Metin Koç

Metin Koç

Mail: [email protected]

Rıdvan Uz ve kola kutusu

Rıdvan Uz ve kola kutusu

İYİ Parti Çanakkale Milletvekili Rıdvan Uz, geçtiğimiz gün katıldığı bir televizyon programında, Kemal Kılıçdaroğlu’nun cumhurbaşkanı adaylık sürecine ilişkin, "Kemal Bey'in adaylığını engelleyememek demek onu desteklememek anlamına gelmez bizim için. Hani dediler ya kola kutusu da koysak kazanıyoruz.
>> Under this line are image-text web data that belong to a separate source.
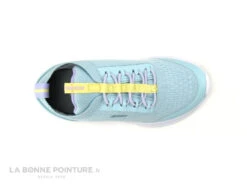 Geox SPRINTYE J25FWB Watersea Yellow - Sneakers Fille -Les Bonnes Chaussures cd24607c73b9e66c561f35ea11d5d5ef img 8400.jpg 169584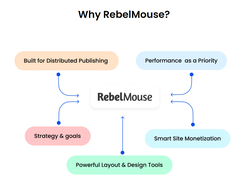 RebelMouse Screenshot 1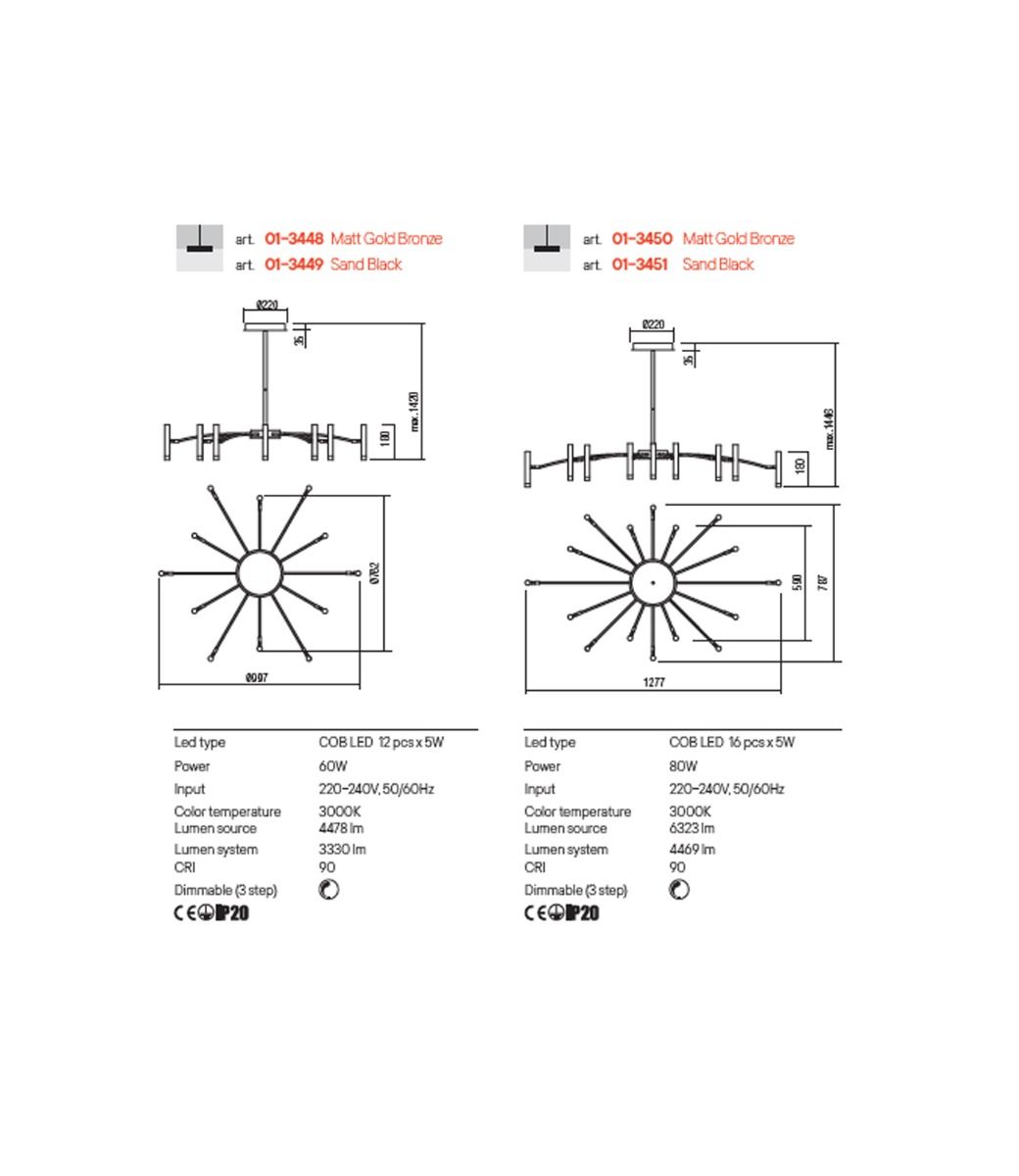 Datasheet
Bize kola kutusu da konsa o işten sonra biz onu destekleyecektik. Bunun anlamı iktidarın değişme arzusuydu” ifadelerini kullandı.

Belli ki Rıdvan Uz bu sözlerle, şu sıralarda CHP’de Sosyal Medyadan Sorumlu Genel Başkan Yardımcısı olarak görev yapan Eren Erdem’in seçim sürecindeki sözlerine atıfta bulunuyordu.
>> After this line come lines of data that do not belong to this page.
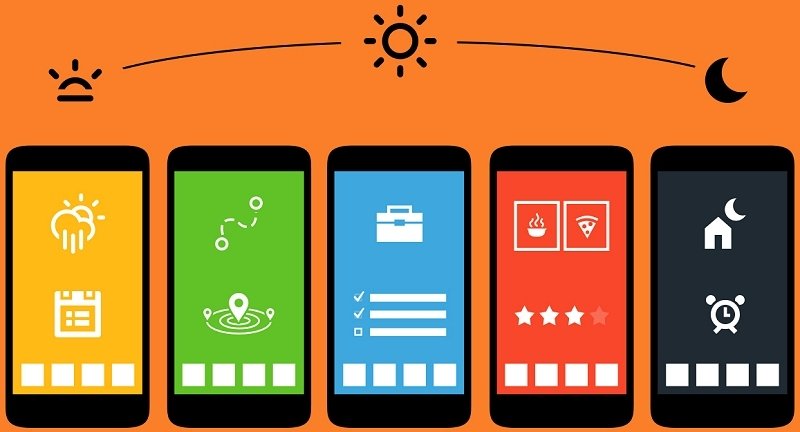  la personnalisation des applications est meilleure que la personnalisation des sites Web mobiles 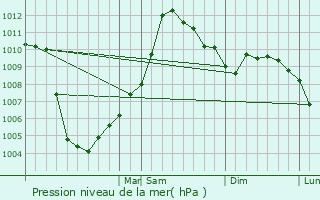 Graphe de la pression atmosphrique prvue pour Plymouth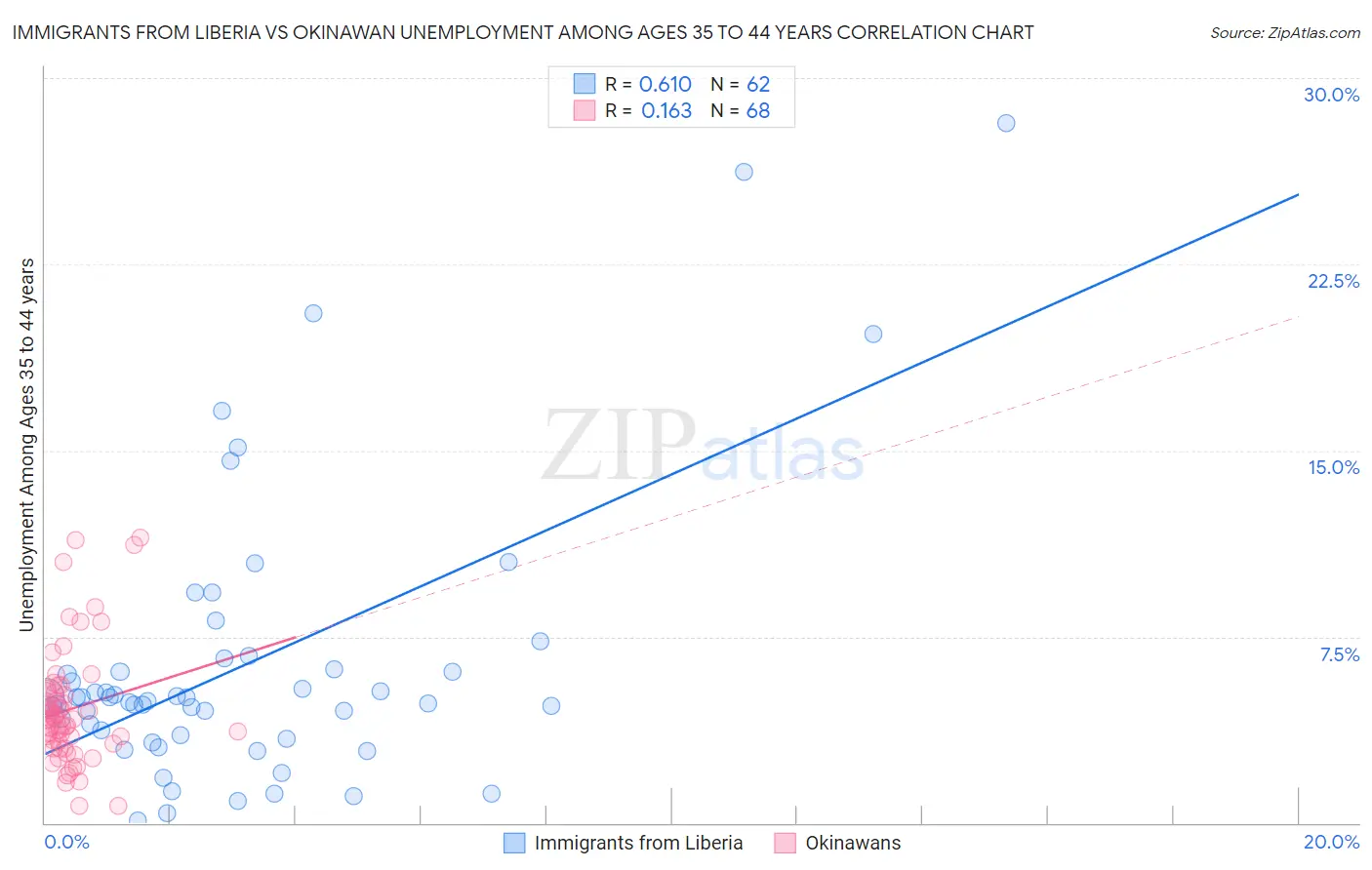 Immigrants from Liberia vs Okinawan Unemployment Among Ages 35 to 44 years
Peki o dönem ne demişti Eren Erdem hatırlayalım:

"Ben bir araştırma yaptırdım. Erdoğan'ın karşısına kutu kola aday olursa hangisine oy verirsiniz? Kutu kola % 48.7 çıktı. Yaptırdım efendim, para verdim yaptırdım."
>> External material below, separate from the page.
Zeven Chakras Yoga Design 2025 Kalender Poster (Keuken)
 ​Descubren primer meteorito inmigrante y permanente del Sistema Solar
Eren Erdem’in yapmaya çalıştığı şeyi tahmin etmek aslında çok basitti. CHP Genel Başkanı Kemal Kılıçdaroğlu’nu seçimi yüzde 60’larla kazanacağı şeklinde gazlayan kerameti kendinden menkul anket şirketleri gibi kendisi de, üstelik belki de kazanamayacağını bildiği halde, Kılıçdaroğlu’nun cumhurbaşkanı adayı olması için algı yapıyordu. Ancak evdeki hesap çarşıya uymadı ve Millet İttifakı’nın Cumhurbaşkanı Adayı Kemal Kılıçdaroğlu, kutu kolayla aynı oy oranını aldı.

Gelelim şimdiye…

Öncelikle Rıdvan Uz’un bir konuda hakkını teslim edelim. Zira kendisi, başından beri Kemal Kılıçdaroğlu’nun kazanamayacağını savunan isimlerden biriydi. Tıpkı partisinin genel başkanı Meral Akşener gibi. Rıdvan Uz ayrıca, Akşener Altılı Masa’dan kalktığında, ittifaka yeniden dahil olunmaması gerektiğini belirtmiş ve bu düşüncesini sosyal medya hesabından kamuoyuna deklare etmişti. Ancak muhalif medya mecralarında ve sosyal medyada adeta vatan haini ilan edilirmişçesine başlatılan büyük linç kampanyası sonrası Meral Akşener istemeyerek de olsa masaya dönmek, Rıdvan Uz da Kemal Kılıçdaroğlu’na oy istemek zorunda kalmıştı.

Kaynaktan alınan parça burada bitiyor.